Last time we opted to stay in the Maritime Quarter, a great base then and our first choice now for exploring, what Dylan Thomas referred to as “this ugly, lovely town.”
A trawl through the last minute booking websites we unearthed a reasonable deal for the Marriott. The clincher was the description “convenient for the Maritime Quarter.” Great location but the whole place was somewhat stuck in a 1980’s time warp – from the exterior to the corridors to the room itself. Looking back though I fear I am being too picky maybe – our room was spotlessly clean and comfortable for sure, it just lacked the wow factor. In hindsight our posh pad in Cardiff the previous evening probably spoiled us.
We were allocated a disabled room on the ground floor. Nice enough but alarms and call buttons everywhere meant I was on heightened alert with Son who was drawn to all these like a magnet. Add to that a bathroom full of aides – masquerading as climbing apparatus to him and tension levels (mine) were high. We felt also a fraction uneasy about denying someone else these facilities who might need them. Husband enquired at reception about moving rooms, they were dismissive and none too interested so we stayed put.
The Maritime Quarter is great for strolling – not quite the buzz of Cardiff but quiet, peaceful and lovely. Loads of interesting boats to look at and views galore.

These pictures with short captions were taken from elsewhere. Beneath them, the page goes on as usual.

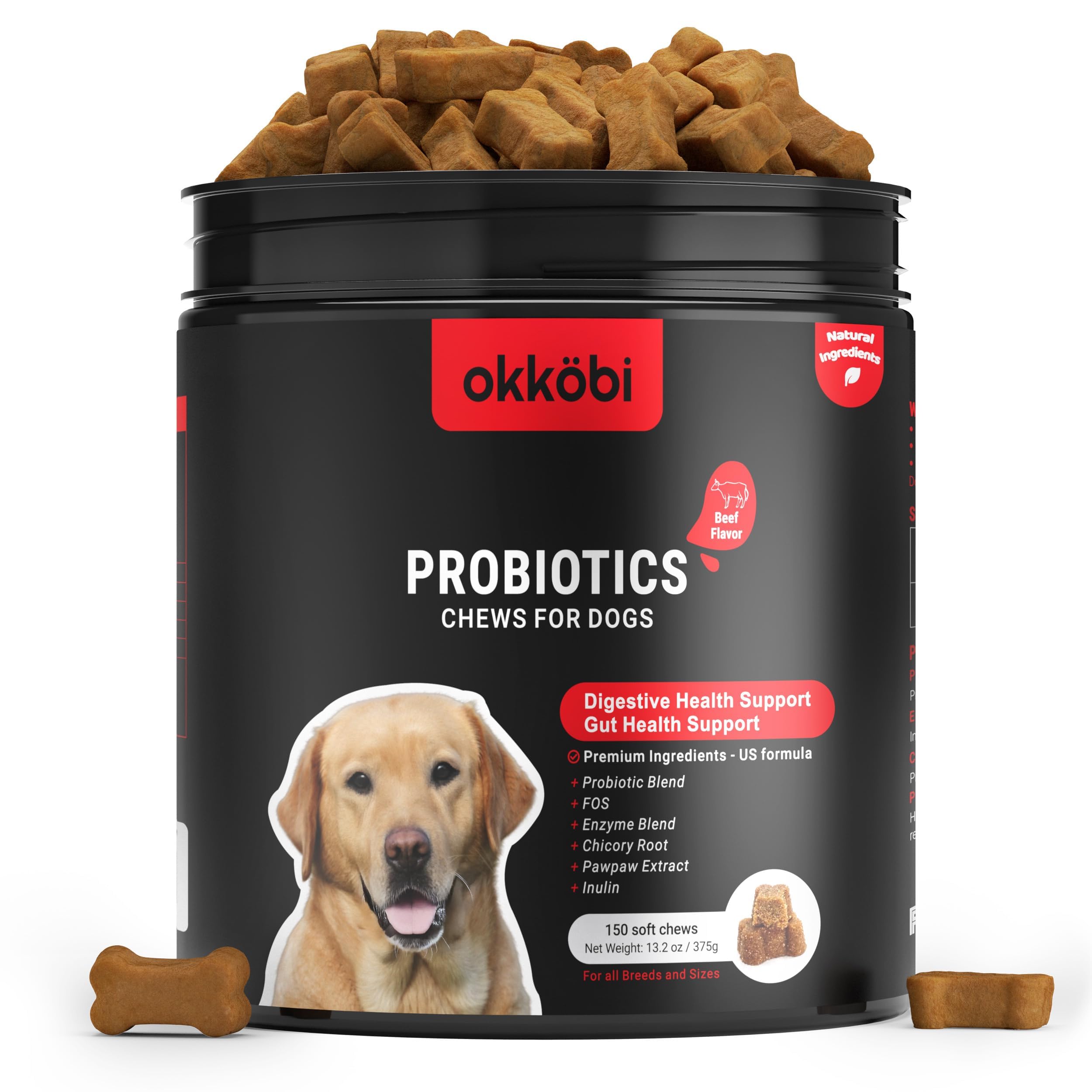 OKKÖBI Probióticos para perros: gomitas en frasco para apoyo digestivo diario.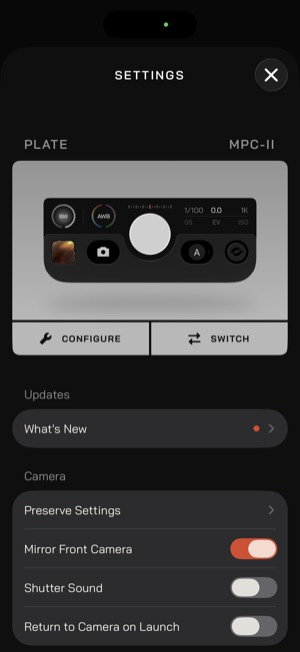 Moment Pro Camera II screen 13: Settings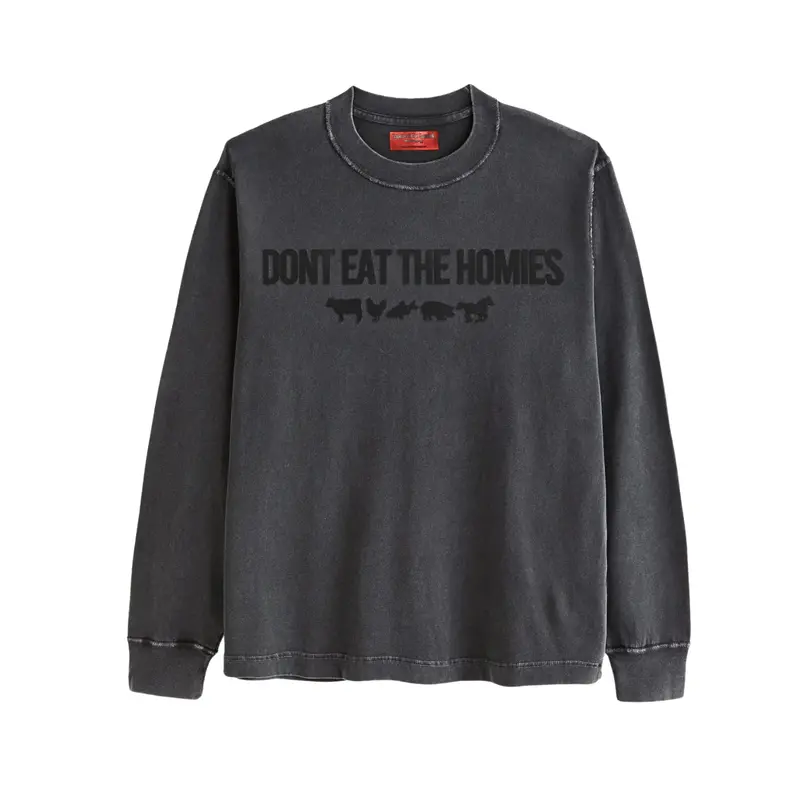 Don'T Eat The Homies 3D Long Sleeve Tee – Grey Sustainable Cotton Top 1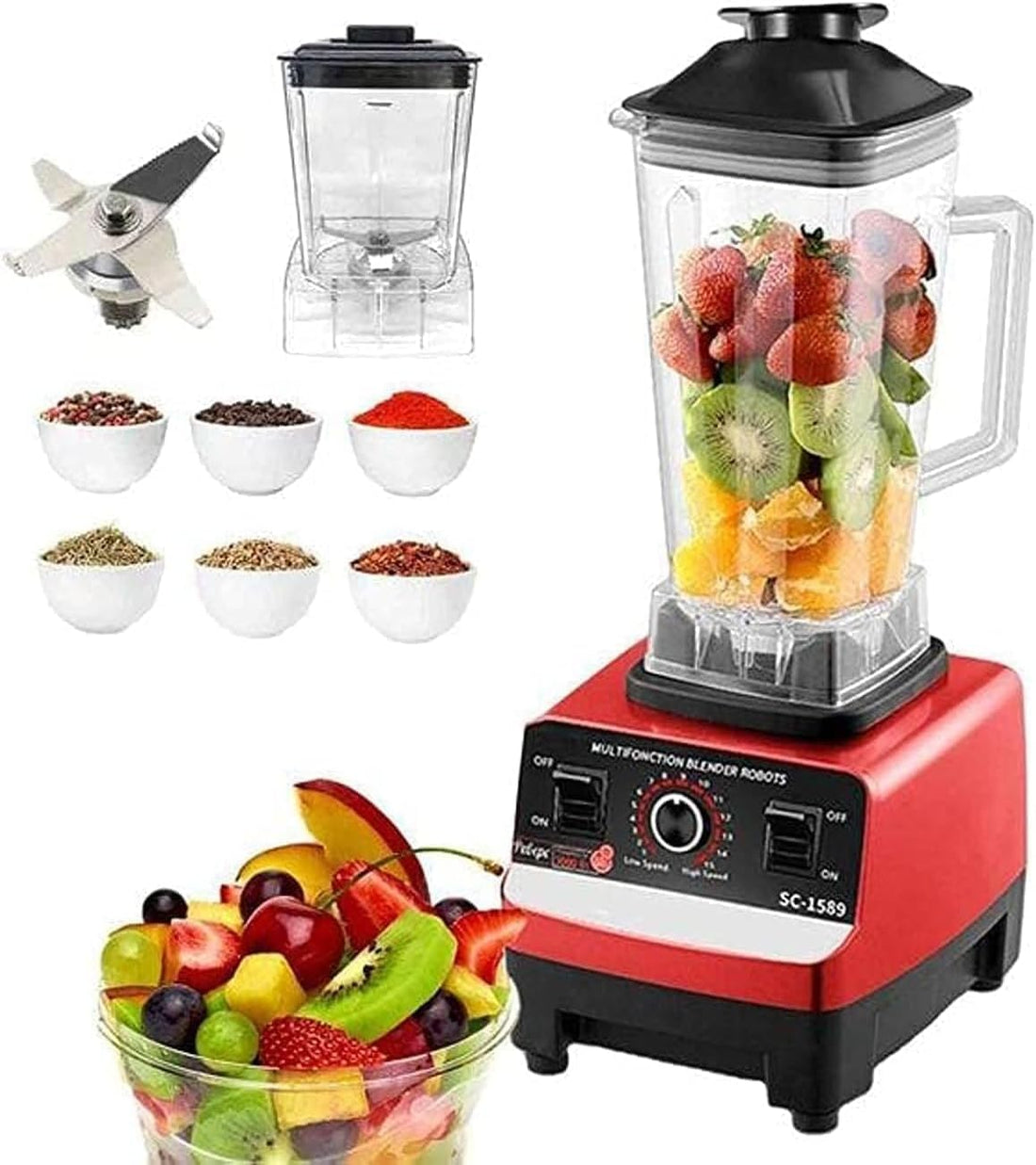 Silver Crest | Heavy Duty Commercial Blender | 4500W Motor, 6 Stainless Steel Blades, Multi-Function Juicer & Grinder | Ideal for Smoothies, Ice Crushing & Food Processing | Black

A lot of empty shop units and a scarcity of eating/drinking establishments made me think someone must be missing a trick here. Such a lovely setting, surely people would flock here to eat.
After exploring the outer reaches of the marina and checking out some great fishing boats hunger was rearing its head. We struggled somewhat to find an (open) restaurant, eventually found one lone Spanish place – very nice – then refreshed and refuelled we had one last look at all those boats.